◆ **Goal of the exercise**: Begin at the line containing "Затримки потягів до" and give again every line to the end of the records, exactly, without the pictures.

◆ **Brief descriptive captions**:
[Start of Attachment]

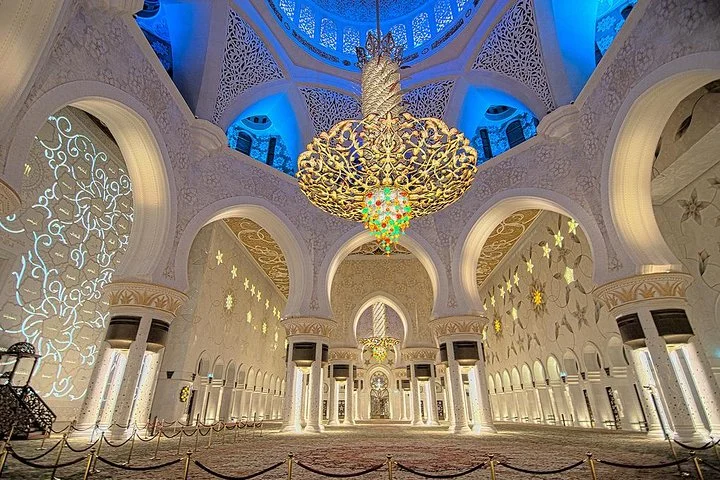 Sheikh Zayed Grand Mosque Tour From Dubai
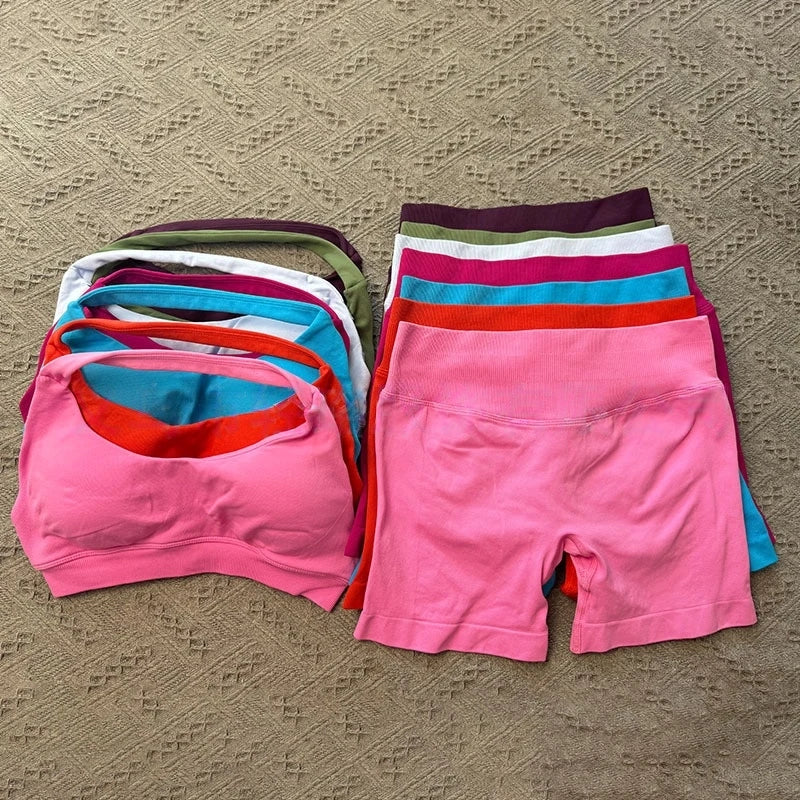 Conjunto Deportivo de Yoga para mujer - Top y Short de Alta Compresión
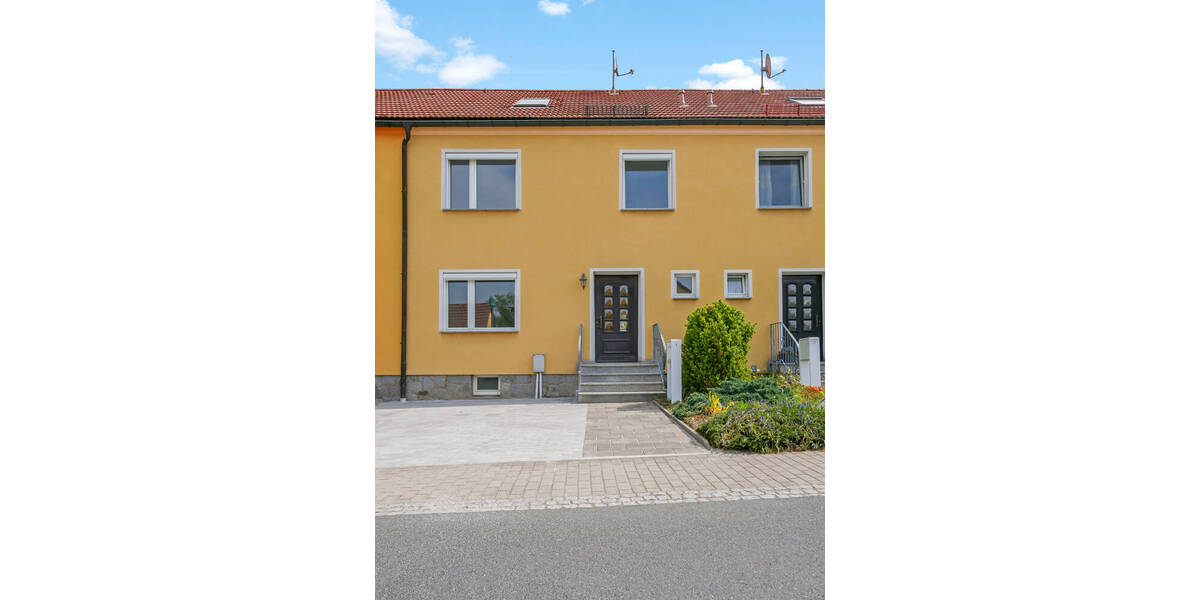 Reihenmittelhaus Stolpen - 5 Zimmer, 83 m&sup2;, 1.100&euro; | Angebot:26656826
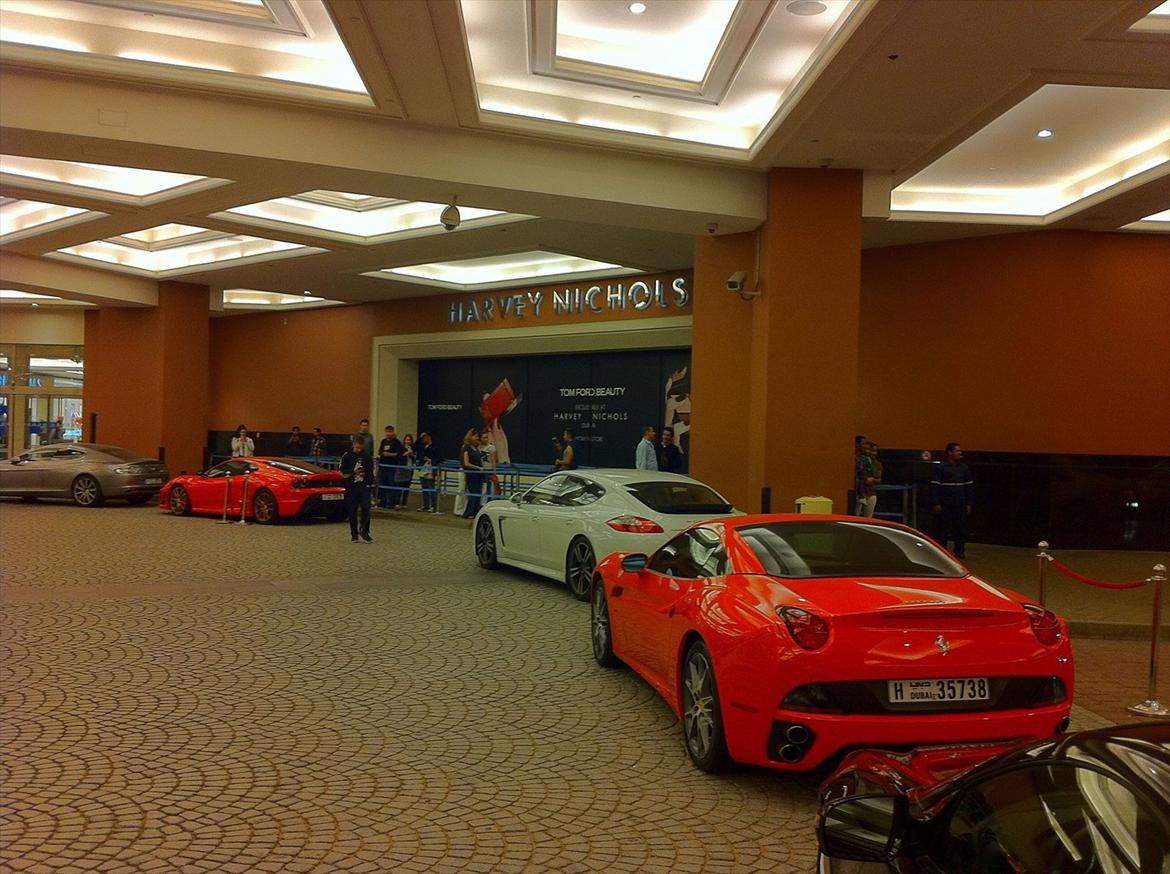 Biler i Dubai :o) billede 220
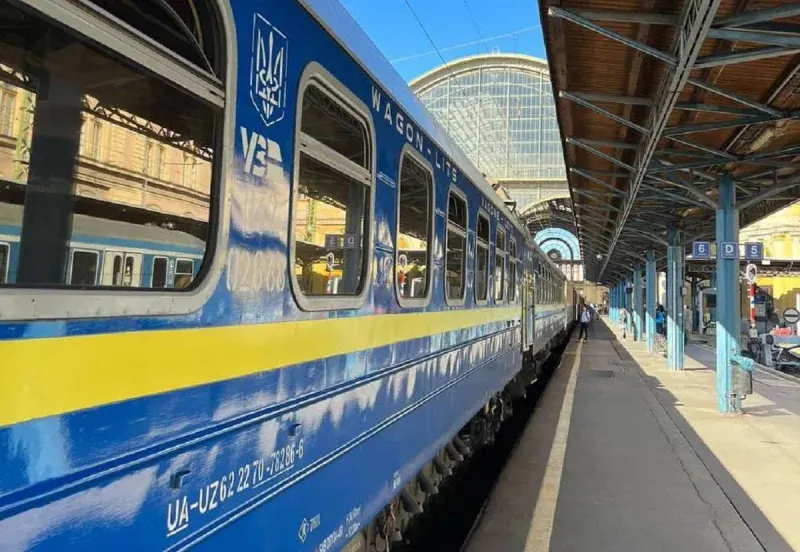 Затримки потягів до Чернівців: що відомо пасажирам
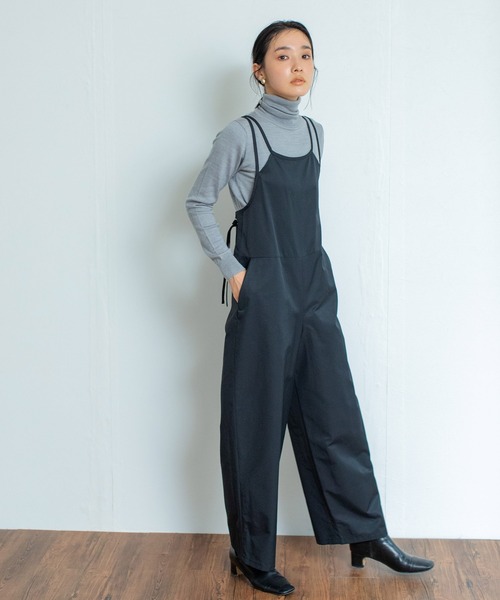 Liyoca(リヨカ)の「【Liyoca】綿ナイロンサロペット -ウォッシャブル-(サロペット/オーバーオール・レディース・ブラック/ライトベージュ・FREE)」の4枚目の写真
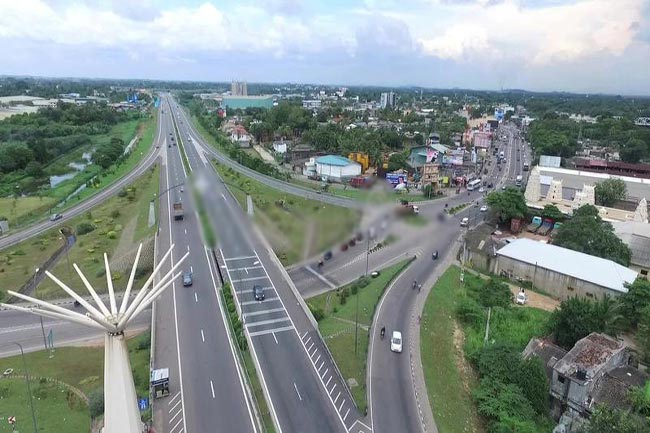 Traffic from Kandy to Colombo restricted to one lane near Kelani Bridge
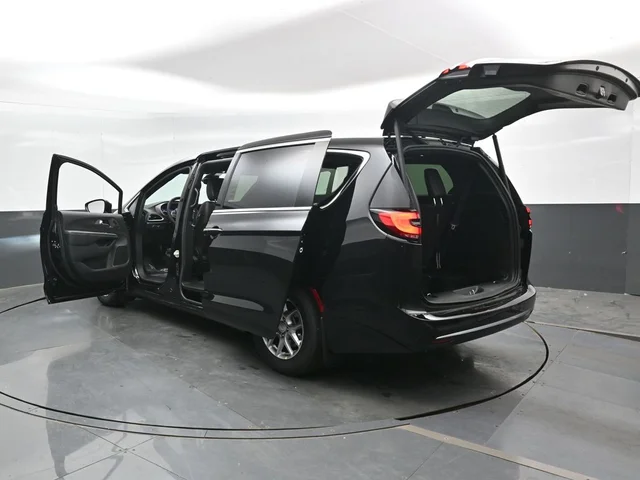 Nuevos CHRYSLER PACIFICA à Estados chez autogozo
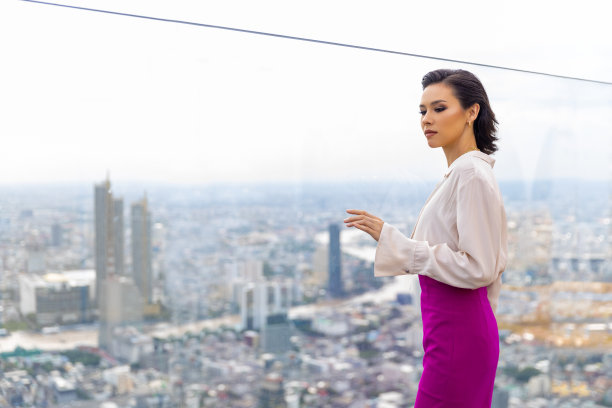 自信的肖像白人女商人站在摩天大楼办公楼室外屋顶图片下载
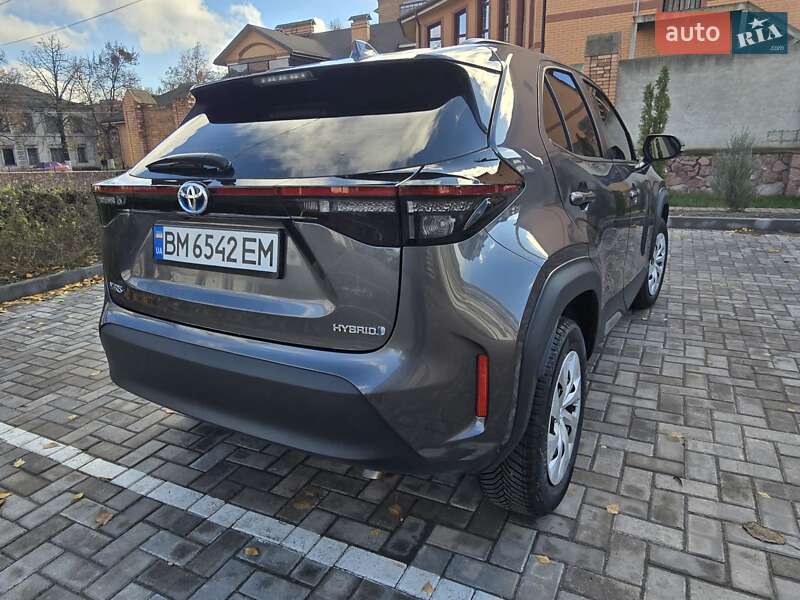 Внедорожник / Кроссовер Toyota Yaris Cross 2023 в Ромнах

[End of Attachment]

◆ **Result below**:
 Затримки потягів до Чернівців: що відомо пасажирам
 Liyoca(リヨカ)の「【Liyoca】綿ナイロンサロペット -ウォッシャブル-(サロペット/オーバーオール・レディース・ブラック/ライトベージュ・FREE)」の4枚目の写真
 Traffic from Kandy to Colombo restricted to one lane near Kelani Bridge
 Nuevos CHRYSLER PACIFICA à Estados chez autogozo
 自信的肖像白人女商人站在摩天大楼办公楼室外屋顶图片下载
 Внедорожник / Кроссовер Toyota Yaris Cross 2023 в Ромнах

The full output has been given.